Sometimes I feel like giving up on art.
“Nothing’s gaining traction. Nothing’s sticking. Everyone else is getting hired, getting commissioned, securing work. And I’m getting nothing.”
Then I think back about the career I gave up in order to be here and wonder, was it worth it? Is it not too late to go back to that comfy 9-5 job sitting in-front of a computer with a steady salary and health insurance?
It’d be so much easier.
I wouldn’t need to push myself. I wouldn’t need to look for clients. I wouldn’t need to grow as an artist. I wouldn’t need to immerse myself in my craft. I wouldn’t question my worth as a member of society. I would just turn up, do the tasks before me and collect a paycheck at the end of the month. A good paycheck at that.
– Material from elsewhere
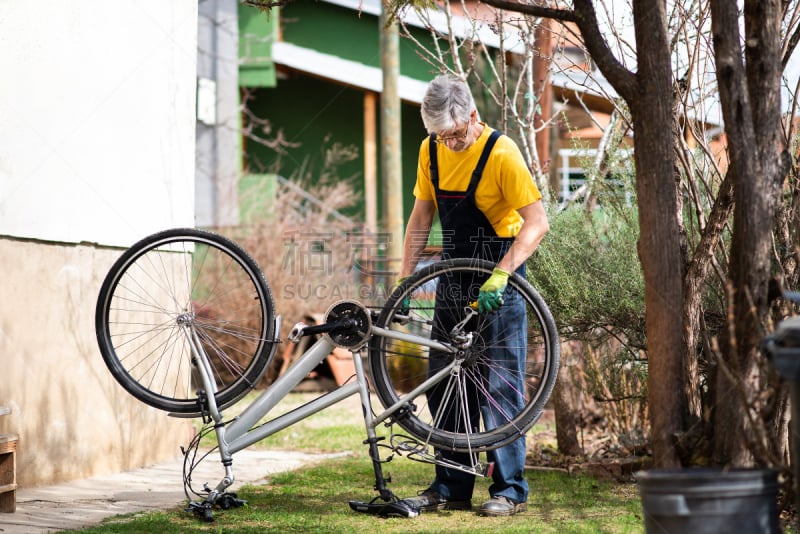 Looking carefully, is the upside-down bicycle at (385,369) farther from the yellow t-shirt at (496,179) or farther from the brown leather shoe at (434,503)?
the yellow t-shirt at (496,179)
I ask myself now and then…
“Why did you leave that behind? Why am I doing this infinitely harder thing instead? Why not just give up on doing art, or acting, or singing, or music, or whatever creative dream you have?”
And after feeling like crap, moping and thinking, I get up and go for a walk. I listen to some podcasts. I read stories of other artists. Then the answer comes back to me. Because it’d kill me. It’d kill me to not pursue my dreams.
I think when creative people take a step toward something, they grow. And when we grow we can’t shrink back into the shapes that we leave behind. The truth is, I could fantasize all I wanted about going back to a comfy day job. But it just wouldn’t be the same me going back. I’d be a square piece trying to fit back into a triangle-shaped hole. And I know that.
I remind myself now and then that I’m on the right path.
A lot of creative people’s doubts pop up because of external factors like a lack of clients, commissions and contracts. But we like what we’re doing. And for me, if I had that external validation going for me – which will come eventually – then I’d feel a lot more secure in what I’m doing. I wouldn’t wonder so much where the office job me would be, how much he’d be earning and how he’d be feeling.
So what should you do when you feel like giving up?
Make more art. No. Make great art.
Well, yeah. Pour out your frustration and your anger into your art. Your jealousies and your envies. Your insecurities and your fears. That’s the only thing that you can do. And I hear it’s great inspiration.
When nobody’s watching, that’s the time you should make as many mistakes as you want. Now’s the time to blurt it all out, and get it all out there, because when you do make it, then it’ll be too late to let out all your creative ‘mistakes’ then. So make more art now. Get all the crap out of your system. I mean, nobody else is watching and nobody else cares anyway – right?